La Corée du Sud, pays le plus connecté au monde, est pour beaucoup un laboratoire des nouvelles pratiques numériques. Ainsi lorsqu’un nouvel acteur révolutionne en à peine un an le marché de l’édition, son modèle interpelle.

bookpal_chinePrésent sur le marché de l’édition numérique depuis le lancement de l’application en 2011, Bookpal innove face aux grands de l’édition numérique. En effet ces derniers n’ont fait que transférer leur contenu internet vers les smartphones et quand la série est finie, le roman est publié sur papier. Bookpal va au delà de la simple application pour tablettes et smartphones, car la start-up est une véritable société d’édition proposant à son catalogue 3 000 auteurs dont les œuvres inédites sont écrites exclusivement pour le format smartphone.

Au Pays du matin calme, le smartphone initie une nouvelle forme de consommation de la culture. TV, web TV et autres médias, films, messagerie instantanée, photos etc…., c’est aujourd’hui un passage obligé et cette abondance de contenus et de services proposés sur un seul appareil a donné naissance à une « Snack Culture ». Les ressources sont multiples. Elles se consomment dans un temps court (5 à 10 minutes) ou de façon morcelée. Le type de contenus sont nombreux mais ceux qui tirent leur épingle du jeu sont les webtoons, les romans web et les web dramas.
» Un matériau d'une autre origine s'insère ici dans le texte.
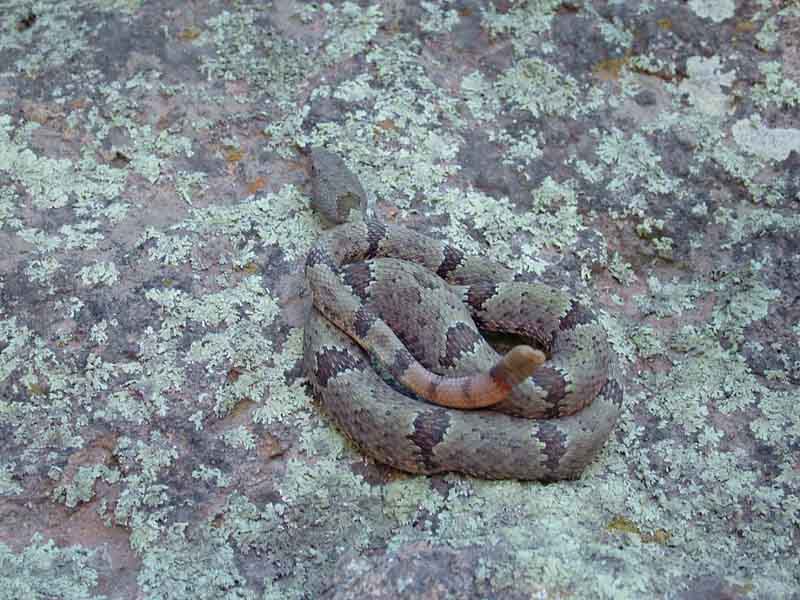 Rock rattlesnake, Cave Creek Canyon, Chiricahua Mts, AZ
C’est dans ce contexte que Bookpal construit son offre. Dans le projet initial, à la création de la société, les dirigeants pensaient proposer du contenu gratuit en le finançant par la pub. Mais très vite ils se sont rendus compte que cela ne fonctionnait pas car les annonceurs préfèrent de gros opérateurs comme Naver ou Google susceptibles de proposer des campagnes de publicité ciblées selon les groupes de consommateurs visés. Ainsi les annonceurs hésitent à engager des campagnes auprès de sociétés de moindre envergure. C’est devenu très vite un cercle vicieux ; les revenus des auteurs étant incertains, ils n’étaient pas motivés pour créer des œuvres originales.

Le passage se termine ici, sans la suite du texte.